A secret police document has revealed how the Metropolitan Police's Special Branch helped the illegal blacklisting of trade unionists - preventing them from getting jobs because of their political views.
In one case, detectives suggested one individual was a terrorist, despite the claim being wrong.
The illegal practice - exposed 10 years ago - involved major construction firms accessing secret files on 3,000 workers and their union activities.
But until now, little has been known about the police's role, other than a Scotland Yard admission it had been involved.
Part of the secret report underpinning that admission has now been disclosed, after initially being classified as so secret it was for the Metropolitan Police Commissioner's eyes only.
The report - codenamed Operation Reuben - found "numerous areas of concern" with "inappropriate contact of Special Branch officers with private organisations", including with one of the two blacklisting groups, the Economic League and the Consulting Association.
Blacklisting: How it worked
- Blacklisting began with the Economic League in 1919 which shared records on left-wing activists with industry to keep them out of the workplace
- It was closed in 1993 after a Parliamentary inquiry.
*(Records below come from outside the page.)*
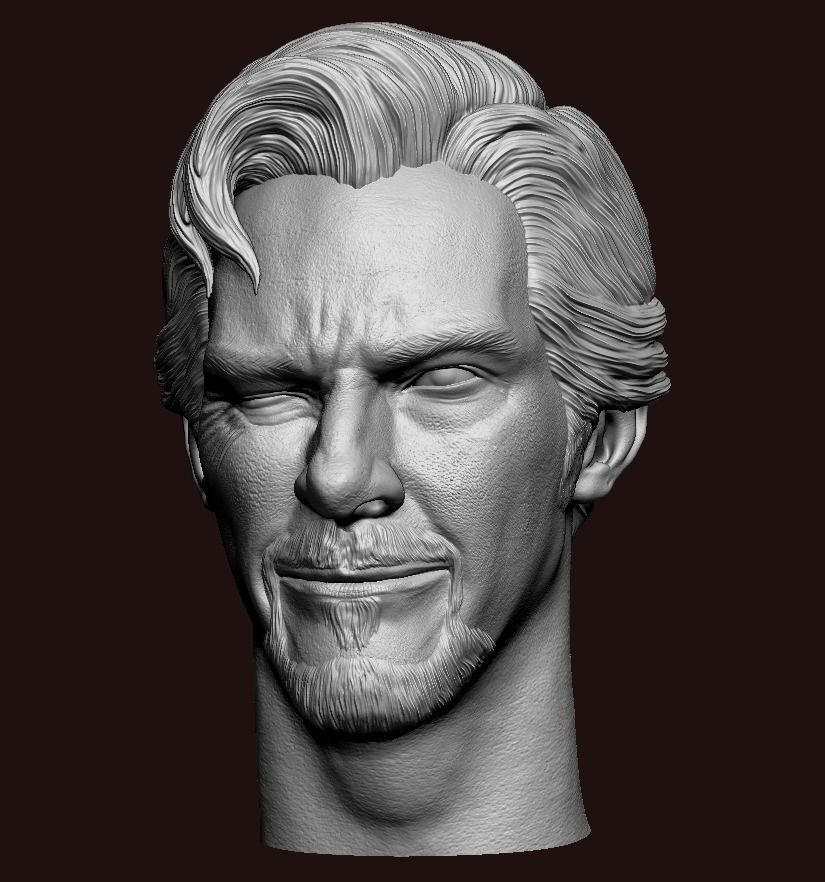Doctor Strange-Benedict Cumberbatch Head V2 3D print model_17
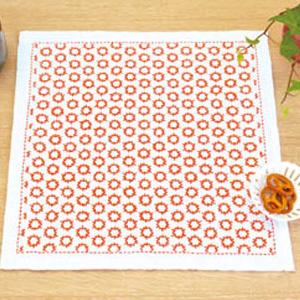 Olimpas Silk Sashiko Kit: Single-Stitch Flower Dishcloth - Konpeito SK-317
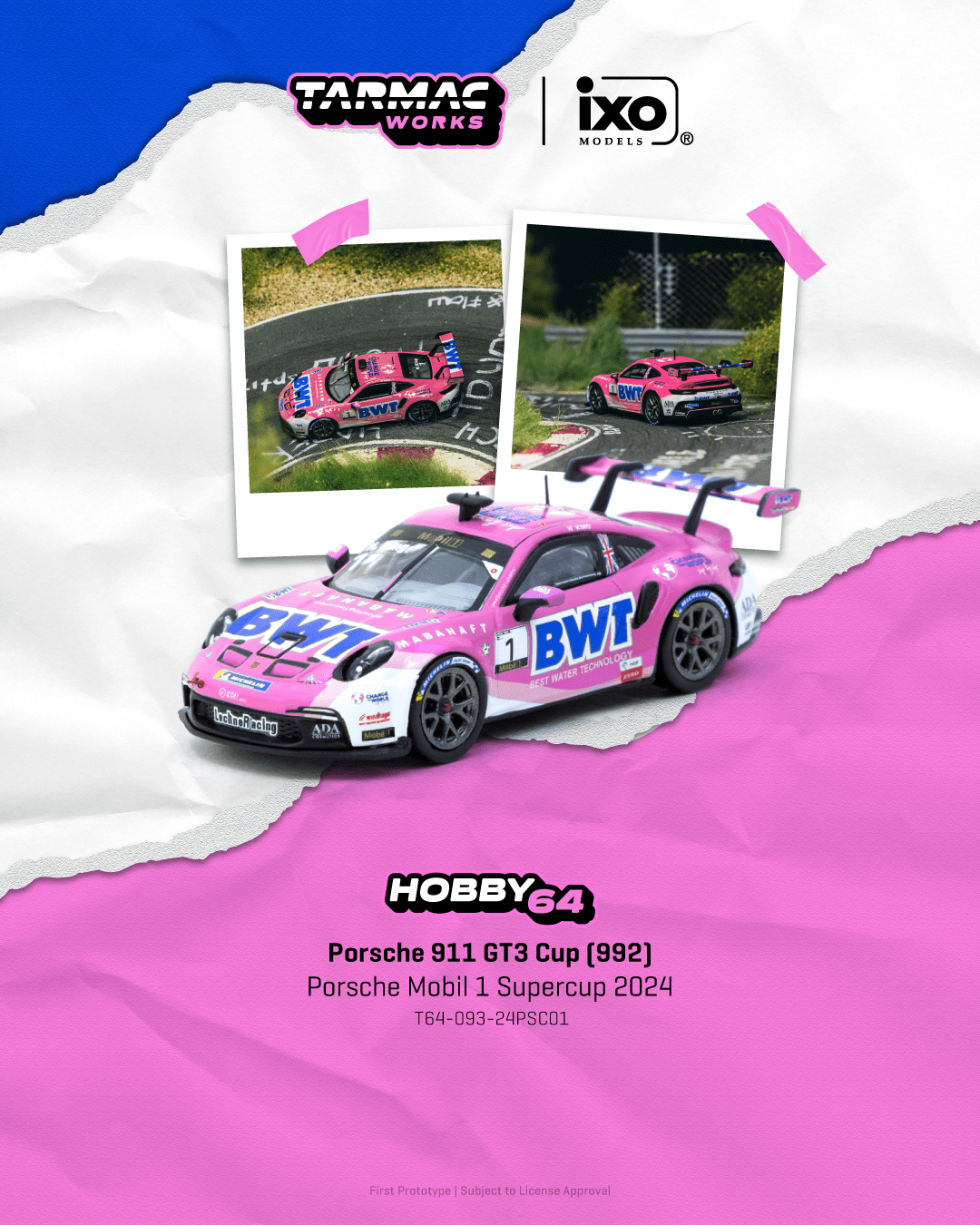 Tarmac Works 1/64 Porsche 911 GT3 Cup (992) Porsche Mobil 1 Supercup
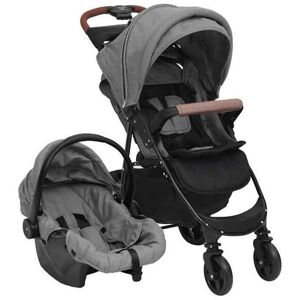 vidaXL Poussette pour Bébé 3-en-1 Landau Pliable pour Tout-petit Enfants orte-bébé Siège Auto pour Bébé Poussette de Voyage Gris Clair Acier vidaXL Poussette pour Bébé 3-en-1 Landau Pliable pour Tout-petit Enfants orte-bébé Siège Auto pour Bébé Poussette de Voyage Gris Clair Acier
The Consulting Association sprang up to replace it
- The Information Commissioner's Office raided The Consulting Association in 2009, revealing for the first time the scale of the operation - triggering legal action that continues to this day
- In 2016, eight major construction firms offered settlements to end legal action: Balfour Beatty, Carillion, Costain, Keir, Lang O'Rourke, Sir Robert McAlpine, Skanska and Vinci
The Reuben investigators found no systematic records of the relationships - but one sharing incident from 1978 had been recorded after a senior officer intervened.
On that occasion, a trade union activist had applied for a job making educational videos with a company linked to the construction industry.
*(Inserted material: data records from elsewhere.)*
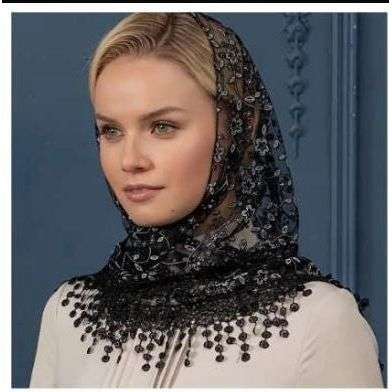 Lace Tassel Floral Triangle Scarf Wedding Headscarf Worship Scarf Shawl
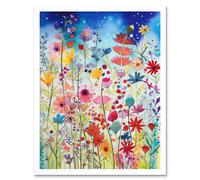 Artery8 Wall Art Print Summer Wildflower Meadow Folk Art Framed in White | Size: W12" x H16" Artery8 White W12" x H16"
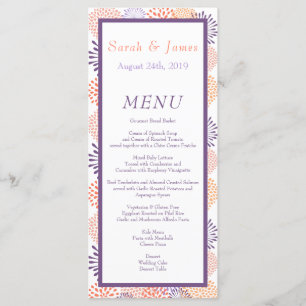 Purple & Coral Floral Blossoms Wedding Menu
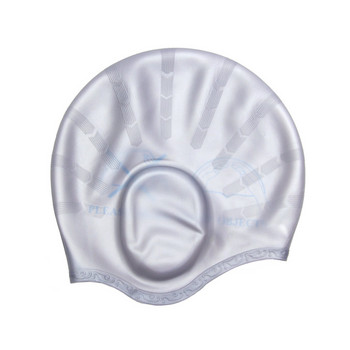 шапка за плуване за защита на ушите силиконови шапки водоустойчива еластична екипировка за басейн със свободен размер добро качество 6 цвята изберете B43002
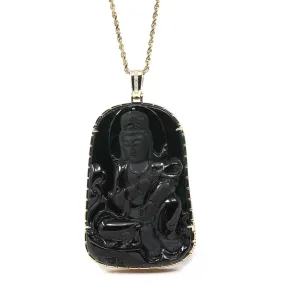 Baikalla 14k Yellow Gold "Goddess of Compassion" Genuine Black Burmese Jadeite Jade Guanyin Necklace With Gold Bail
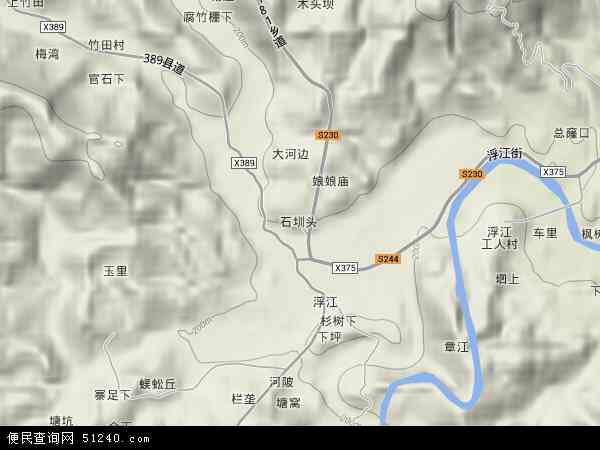 浮江乡地形图 - 浮江乡地形图高清版 - 2024年浮江乡地形图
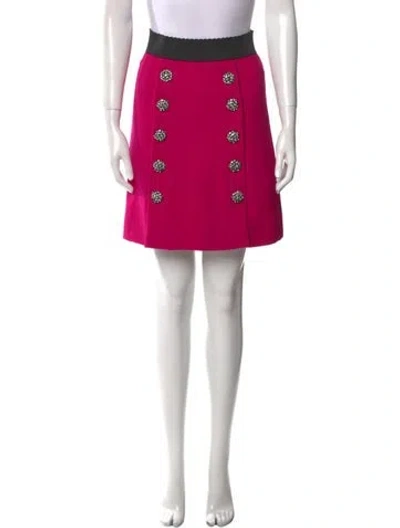Pre-owned Dolce & Gabbana Wool Mini Skirt In Pink
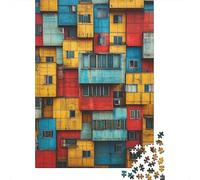 Colorful Container Architecture 1000 Piece Jigsaw Puzzle Paper for Adults Geometric Arrangement Puzzle Game for Family Home Decor Gift 52x38cm/1000pcs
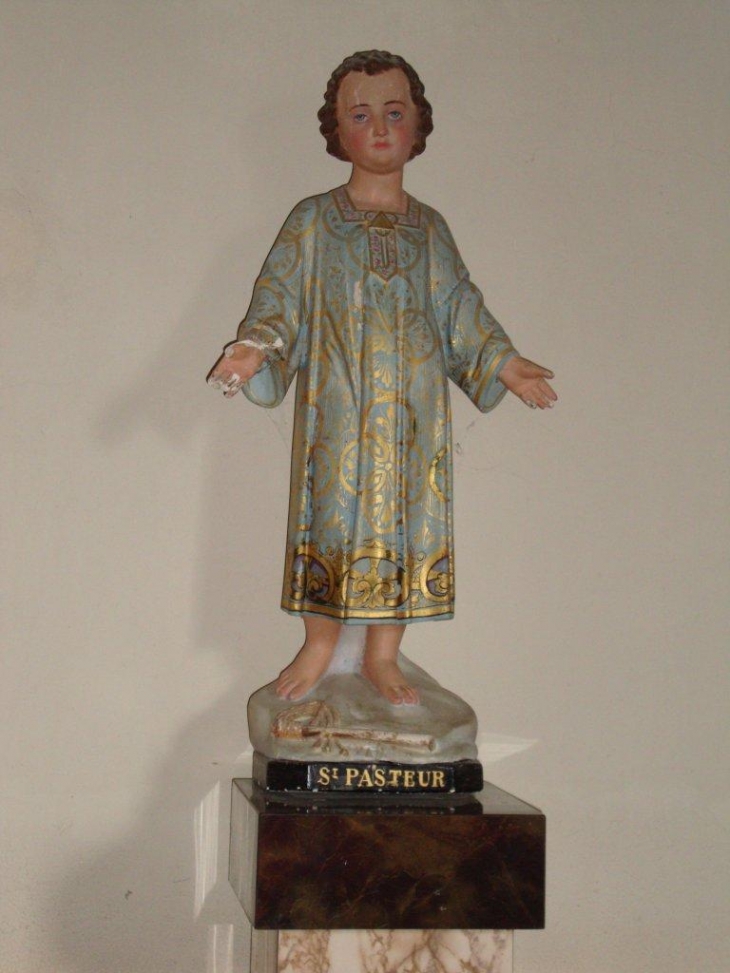Lichos (64130) église: statue St. Pasteur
The company passed the individual's name to the Economic League to be checked - which in turn contacted the police for any further intelligence "due to the perceived risk of involvement in education".
"The receiving officer's initial inquiries revealed a potential link to [redacted] which in his opinion had not been resolved satisfactorily... he returned to EL asking for any further information, stressing the matter's importance due to the possible link to terrorism.
"This was recorded as fact by the EL representative."
EL then passed this on to the prospective employer - ending the candidate's chance of getting a job.
The applicant appears to have learned that they had been "blacked by the security people".
One of their relatives was a retired senior police officer who demanded an investigation - and that appears to explain why the incident remained recorded.
One major blacklisting allegation is that an officer called Mark Jenner collected information after he infiltrated the construction union UCATT between 1995 and 2000.
The report says that Jenner, who used the alias Cassidy, provided information on 300 people - and 16 of those appeared in the illegal blacklist database.
Operation Reuben said it found no evidence to prove that Jenner directly provided that intelligence - but it added it could not rule out other officers doing so.
Roy Bentham, joint secretary of Blacklist Support Group, said that many questions remain unanswered.
"The police are supposed to uphold law and order, not spy on perfectly democratic organisations such as trade unions," said Mr Bentham.
"Blacklisting is a national scandal and confirmation that the police colluded with this shameful and unlawful activity is beyond the pale."
Imran Khan QC, lawyer for the Blacklist Support Group, said that the onus was now on the undercover policing inquiry to dig deep.
A spokesman for the Metropolitan Police said that the internal report into blacklisting had established that "certain conduct" amounted to improper sharing of information under the law as it stands today.
"Allegations about police involvement with the 'blacklist' will be fully explored during the Undercover Policing Public Inquiry (UCPI)," said the spokesman.
"The Metropolitan Police Service will await the conclusions of the UCPI before considering any appropriate next steps."